But as consumer spending drops, the Bank of England will cut interest rates, perhaps as early as November. "The weakening economy should allow the Bank to cut rates this winter without running the risk of inflationary second-round effects," Mr Spencer said. "We expect interest rates to fall to 4 per cent by the end of 2009."

It is not only consumers that are succumbing to the falling confidence that started with last year's crisis in the banking sector. British business confidence has slumped to the lowest point since the recession of the early 1990s, according to the Lloyds TSB Business in Britain survey for July. The balance of firms expecting better, rather than worse, activity in the next six months fell sharply to minus 8 per cent, from 18 per cent in January. The slump in morale reflects companies' experience in the first half of the year when a balance of just 6 per cent had rising sales.

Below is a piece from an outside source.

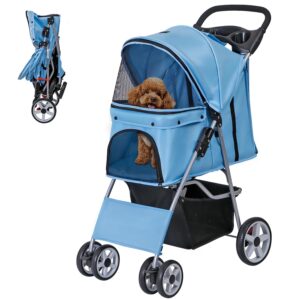 ZENY Foldable Pet Stroller, Cat/Dog...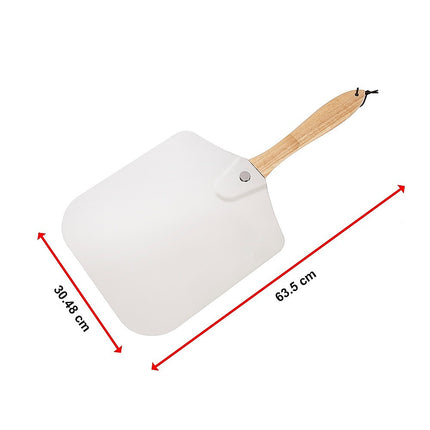 Metal Pizza Peel with Foldable Wood Handle.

The balance expecting higher order book levels slumped to zero from 22 per cent six months earlier. Just 2 per cent predict higher sales, down from 28 per cent, and profit expectations have dropped to minus 25 per cent from 4 per cent – the biggest half-year decline recorded.

Such apprehension is having a tangible effect. Not only is merger and acquisition (M&A) activity already falling at its fastest rate since the dotcom crash, slipping from a high of 607 takeovers in the second quarter of 2007 to just 398 in the same period of this year. But it will continue to fall for another nine quarters, according to analyst by accountancy group Grant Thornton.

David Brooks, the head of M&A at Grant Thornton, said: "If present conditions continue, it could take some years to climb back to the M&A peaks we saw midway through last year, as it did after what was a comparatively mild economic shock post dotcom. Unfortunately, it seems increasingly likely this is best-case scenario, and recovery could take even longer this time."

Relief could come from foreign takeovers of UK companies, which have held fairly steady. Overseas companies took advantage of Britain's relaxed approach to foreign ownership with £29bn of deals in the first half and Santander's bid for Alliance & Leicester is one of a number of big deals in the pipeline.

Globalisation may also act as a cushion. "The developing world is cash-rich and looking to spend, and the UK is putting a for-sale sign in the window, so expect more big-ticket acquisitions by foreign companies to be announced in the coming months," Mr Brooks said.

The pain in the property market also shows little sign of abating. Rightmove, the property website, will say today that average asking prices dropped by more than £4,000, or 1.8 per cent, in the past month alone.

The average property in England and Wales is now worth £235,219 – 2 per cent less than it was last year. Not only are new instructions to estate agents down by 20 per cent year on year, but properties that are on the market are not selling. Agents have an average of 77 unsold homes on their books, the sixth consecutive monthly rise.